It's easy to view perfect games as flukes, but this one felt different. Halladay, after all, is the game's preeminent pitcher, and his achievement capped a week of terrific pitching performances around the majors that seemed to be building toward a historic moment. A night before his masterpiece, the Giants' Matt Cain one-hit the Diamondbacks. From May 25 to 27 the Mets held the Phillies scoreless in three straight games. And with eight shutout innings against Arizona on May 26, Colorado's Ubaldo Jimenez—who also has a no-hitter this year, on April 17—pushed his ERA down to 0.88.

The string of standout pitching performances fits a larger trend: Scoring is down in both leagues compared with 2009—dramatically so in the AL, where it's dropped by more than half a run, from 9.64 runs per game last season to 9.04 through Sunday. (In the NL total runs per game has dipped from 8.86 to 8.84.)

This marks the third straight season in which American League offensive stats have swung wildly, with 2007 and '09 being hitters' years and 2008 and '10 dominated by pitching.
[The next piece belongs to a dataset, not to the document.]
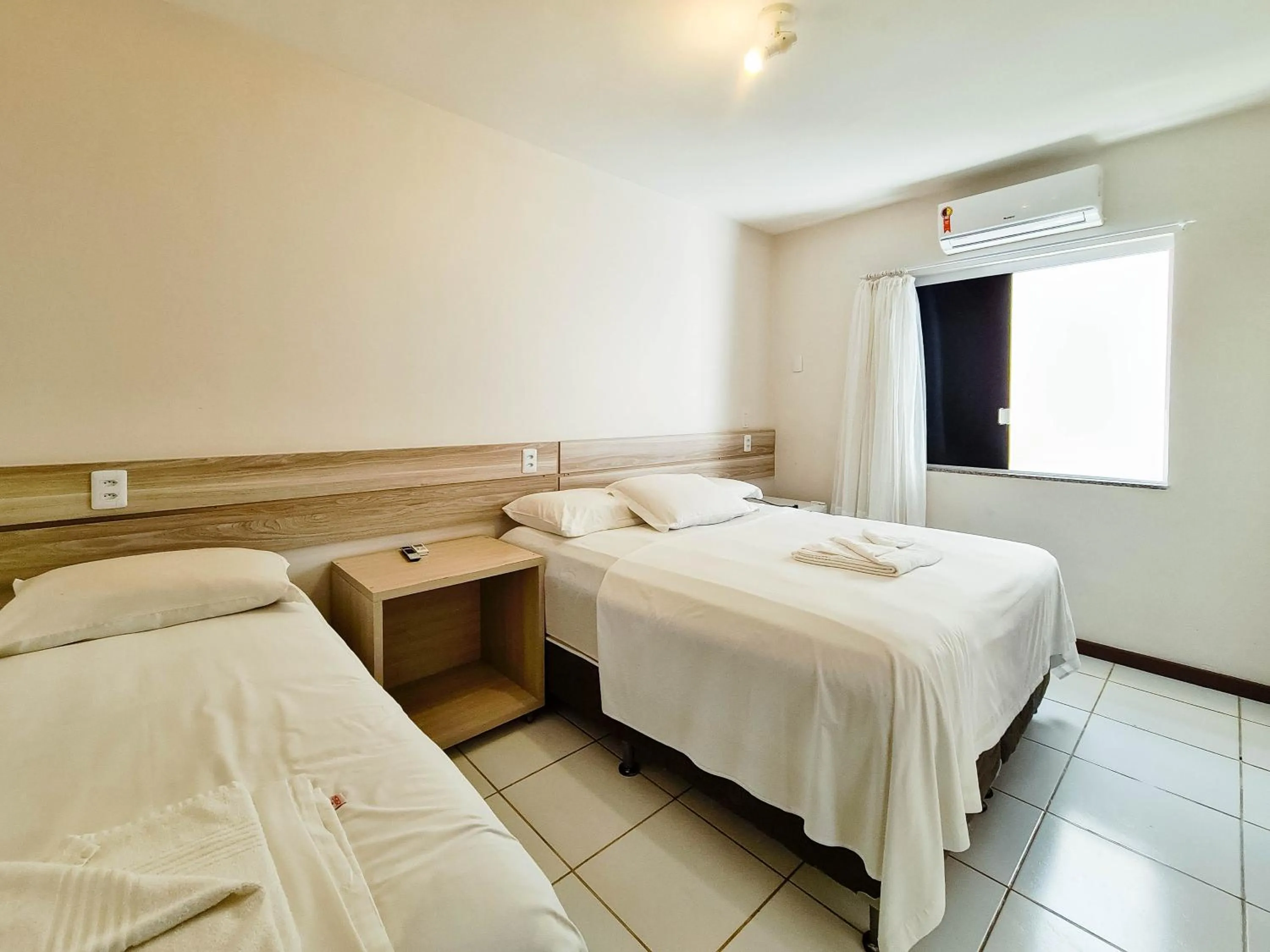 Photo of the whole room, Bed in Pousada Praia do Flamengo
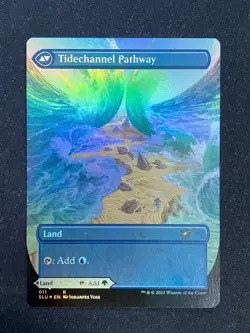 Barkchannel Pathway / Tidechannel Pathway - Secret Lair (Magic/MTG) - Image 1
The ups and downs defy the easy explanations that a steady decline in scoring might suggest, such as the impact of baseball's increased testing for performance-enhancing drugs or many clubs' recent emphasis on improving team defense.

But over the long term there are trends that help explain the decreased offense. The major league per-team strikeout rate continues to reach new heights every year—it's risen from 6.8 in 2008 to 7.0 in '09 to 7.1. That lack of contact is dragging on batting averages, which are at their lowest levels in years and taking on-base percentages down with them. Through Sunday the AL was hitting .258, which would be its lowest mark in a full season since 1981. The NL was at .256, its lowest since '92. In the NL the ground ball rate has ticked up a bit.

That's not just the Halladay Effect. (He's new to the NL this year after 12 seasons in Toronto.) It reflects a surge in young pitching talent in the league, with hurlers such as Jimenez, Florida's Josh Johnson and the Mets' Mike Pelfrey becoming dominant starters. In the AL pitchers such as the Yankees' Philip Hughes, the White Sox' John Danks and the entire Rays rotation are making life difficult for hitters. For the first time in a while, the balance of talent across the majors is shifting toward the mound.

On Sunday morning Halladay was back at Sun Life Stadium, plowing through his legendary workout routine as if nothing special had happened the evening before. "Journey's always better than the destination," he said.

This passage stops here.